ScriptinScript value representation

As part of my long-running side quest to make a safe, usable environment for user-contributed scripted widgets for Wikipedia and other web sites, I’ve started working on ScriptinScript, a modern JavaScript interpreter written in modern JavaScript.

It’ll be a while before I have it fully working, as I’m moving from a seat-of-the-pants proof of concept into something actually based on the language spec… After poking a lot at the spec details of how primitives and objects work, I’m pretty sure I have a good idea of how to represent guest JavaScript values using host JavaScript values in a safe, spec-compliant way.

Primitives

JavaScript primitive types — numbers, strings, symbols, null, and undefined — are suitable to represent themselves; pretty handy! They’re copyable and don’t expose any host environment details.

Note that when you do things like reading str.length or calling str.charCodeAt(index) per spec it’s actually boxing the primitive value into a String object and then calling a method on that! The primitive string value itself has no properties or methods.

Objects

Objects, though. Ah now that’s tricky. A JavaScript object is roughly a hash map of properties indexed with string or symbol primitives, plus some internal metadata such as a prototype chain relationship with other objects.

The prototype chain is similar, but oddly unlike, class-based inheritance typical in many other languages.

Somehow we need to implement the semantics of JavaScript objects as JavaScript objects, though the actual API visible to other script implementations could be quite different.

First draft: spec-based

My initial design modeled the spec behavior pretty literally, with prototype chains and property descriptors to be followed step by step in the interpreter.

Guest property descriptors live as properties of a this.props sub-object created with a null prototype, so things on the host Object prototype or the custom VMObject wrapper class don’t leak in.

If a property doesn’t exist on this.props when looking it up, the interpreter will follow the chain down through this.Prototype.
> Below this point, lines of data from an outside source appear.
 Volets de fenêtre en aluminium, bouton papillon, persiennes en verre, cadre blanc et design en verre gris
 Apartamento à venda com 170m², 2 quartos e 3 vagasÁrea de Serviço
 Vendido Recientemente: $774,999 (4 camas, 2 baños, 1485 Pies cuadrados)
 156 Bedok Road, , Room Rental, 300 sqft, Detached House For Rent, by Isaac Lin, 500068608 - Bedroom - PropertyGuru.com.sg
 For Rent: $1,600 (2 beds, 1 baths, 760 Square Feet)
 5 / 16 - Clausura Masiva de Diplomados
Once a property descriptor is found, it has to be examined for the value or get/set callables, and handled manually.

// VMObject is a regular class
[VMObject] {
    // "Internal slots" and implementation details
    // as properties directly on the object
    machine: [Machine],
    Prototype: [VMObject] || null,

    // props contains only own properties
    // so prototype lookups must follow this.Prototype
    props: [nullproto] {
        // prop values are virtual property descriptors
        // like you would pass to Object.defineProperty()
        aDataProp: {
            value: [VMObject],
            writable: true,
            enumerable: true,
            configurable: true,
        },
        anAccessorProp: {
            get: [VMFunction],
            set: [VMFunction],
            enumerable: true,
            configurable: true,
        },
    },
}

Prototype chains

Handling of prototype chains in property lookups can be simplified by using native host prototype chains on the props object that holds the property descriptors.
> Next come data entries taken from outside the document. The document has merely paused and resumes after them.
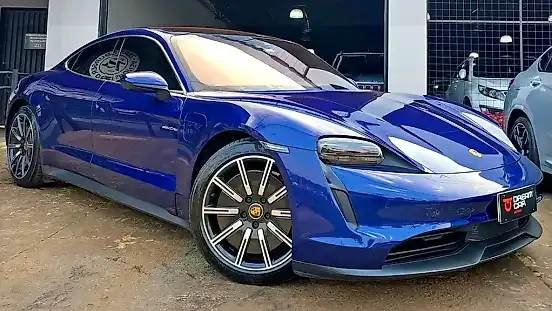Foto de um porsche taycan
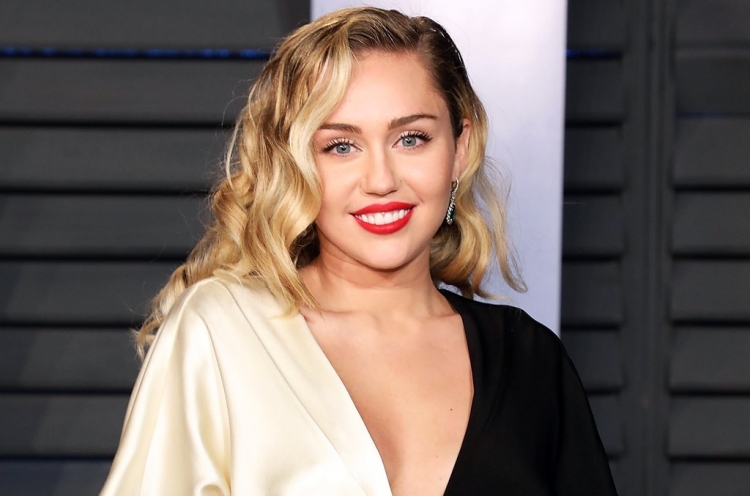 6 muaj larg drogës dhe alkoolit, Miley Cyrus flet për arsyen që e çoi drejt këtij vendimi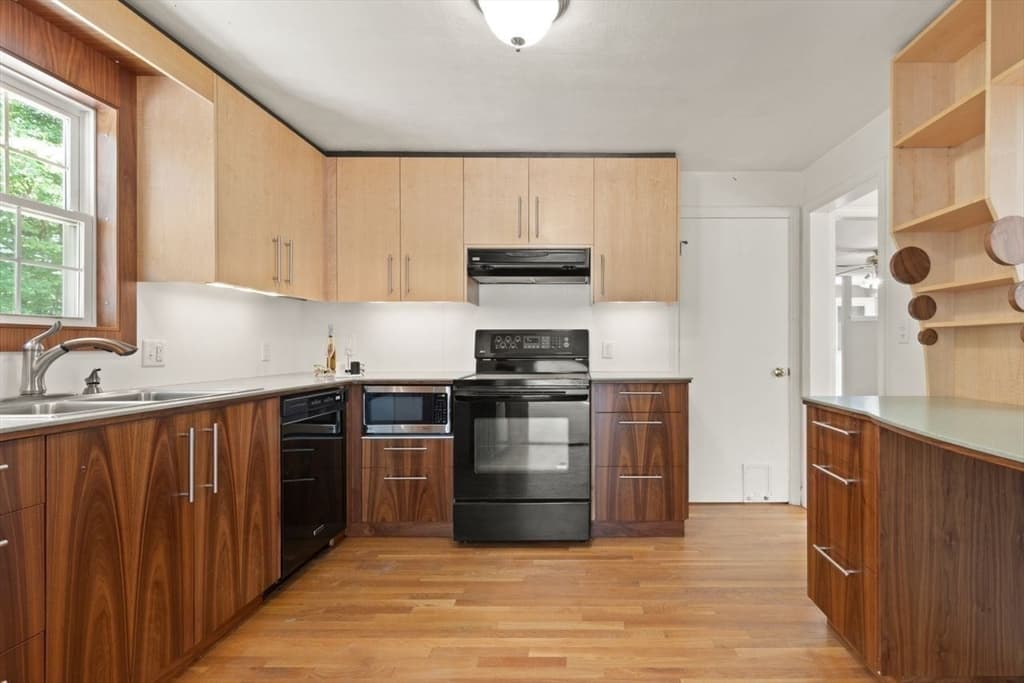 24 Pleasant Park Rd, Sharon MA 02067 photo 11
Instead of Object.create(null) to make props, use Object.create(this.Prototype ? this.Prototype.props : null).

The object layout looks about the same as above, except that props itself has a prototype chain.

Property descriptors

We can go a step further, using native property descriptors which lets us model property accesses as direct loads and stores etc.

Object.defineProperty can be used directly on this.props to add native property descriptors including support for accessors by using closure functions to wrap calls into the interpreter.

This should make property gets and sets faster and awesomer!

Proper behavior should be retained as long as operations that can affect property descriptor handling are forwarded to props, such as calling Object.preventExtensions(this.props) when the equivalent guest operation is called on the VMObject.

Native objects

At this point, our inner props object is pretty much the “real” guest object, with all its properties and an inheritance chain.

We could instead have a single object which holds both “internal slots” and the guest properties…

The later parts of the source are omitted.